Senadores estendem a lei antifumo para todo o país

O Senado aprovou uma medida provisória que proíbe o fumo em ambientes fechados de acesso público em todo o País, sejam eles públicos ou privados. Entra nesse pacote até as áreas criadas especificamente para fumantes em restaurantes, bares e danceterias, os conhecidos “fumódromos”. Atualmente, já existem leis semelhantes em São Paulo, Rio de Janeiro e Paraná.

A medida passa a valer a partir da sanção do texto pela presidente Dilma Rousseff. A proposta, no entanto, ainda depende de regulamentação para fixar valor de multa. O projeto é semelhante ao aprovado pelo então governador José Serra (PSDB) em São Paulo. Ali, o dono do estabelecimento onde ocorre a infração pode pagar multa de até R$ 1.745.

Segundo o ministério da Saúde, o texto também prevê aumento na carga tributária dos cigarros. Fica estabelecida, por exemplo, em 300% a alíquota do Imposto sobre Produtos Industrializados (IPI) para o cigarro.

O aumento no preço do produto está previsto para o início de 2012. Com o reajuste do imposto e o estabelecimento de um preço mínimo, o cigarro pode subir cerca de 20% no próximo ano. A proposta, que começou a tramitar no Congresso em agosto deste ano, foi aprovada de maneira simbólica.
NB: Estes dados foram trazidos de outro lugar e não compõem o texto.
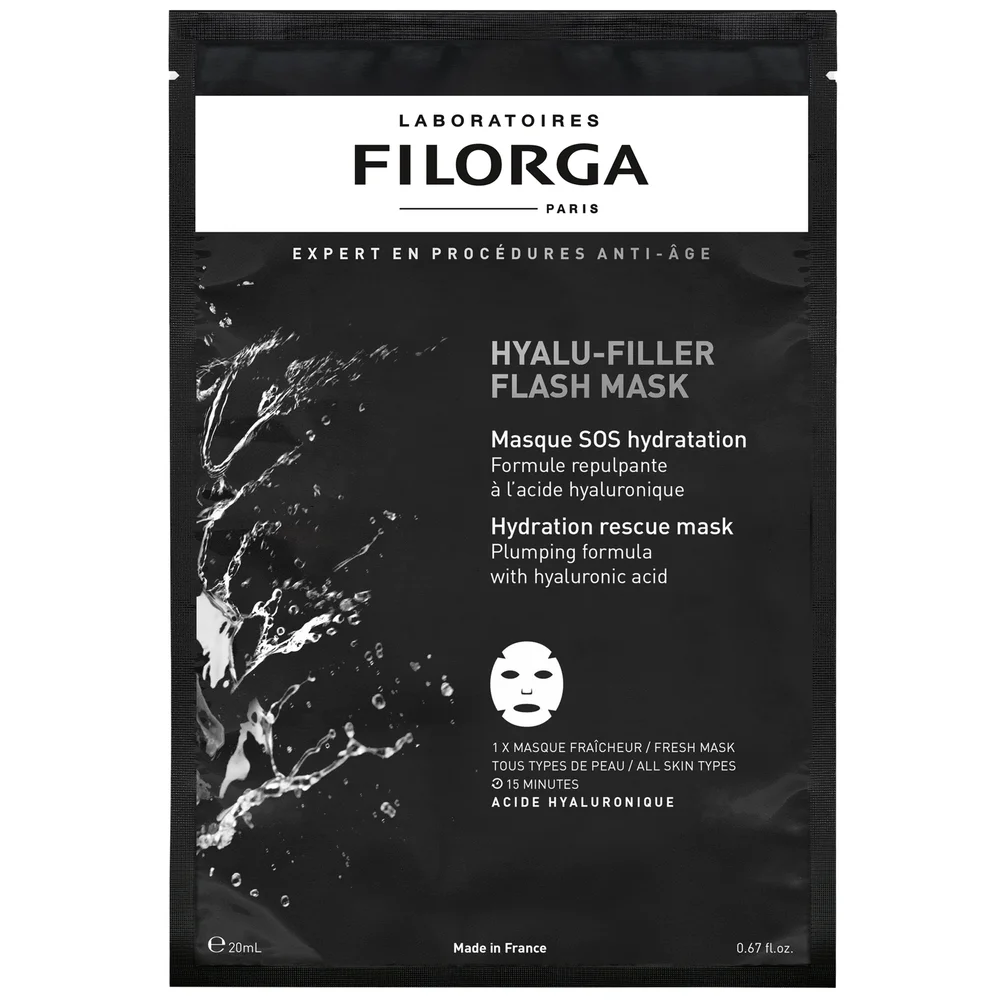 Filorga Hyalu-Filler Flash Mask 20ml v:2672633 Filorga Hyalu-Filler Flash Mask 20ml v:2672633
Outras alterações foram aprovadas no Senado. Uma delas é a que prevê que, a partir de 2016, os maços de cigarros também tragam mensagens de advertência sobre os riscos do produto à saúde em 30% da parte frontal (hoje existe só na parte de trás).

Pontos de venda de cigarro não poderão mais ter propaganda. Eles deverão apenas expor os produtos e suas advertências à saúde.

Essas restrições foram comemoradas pelo ministro Alexandre Padilha (Saúde). “Dados de outros países mostram que restringir o uso do cigarro em espaços coletivos e a propaganda no espaço de venda contribuem para reduzir o fumo”, afirmou à Folha.

No Brasil, estima-se uma população fumante de 15% – em 1989 era de quase 35%. Padilha, porém, criticou outro ponto da medida provisória, que libera a publicidade do cigarro em eventos.

ALTERAÇÕES
O projeto passou por várias alterações na tramitação. Na Câmara, o relator Renato Molling (PP-RS) era a favor do fim dos fumódromos, mas tentou abrir a possibilidade de que alguns locais (como restaurantes e boates) fossem totalmente livres para o fumo. Não teve sucesso.

“Nossa proposta era mais ampla, se protegia um pouco mais a produção e os fumantes”, disse o deputado, que vem do principal Estado produtor de tabaco.

A Souza Cruz e Philips Morris, duas das maiores produtoras de cigarro do país, não quiseram comentar o caso.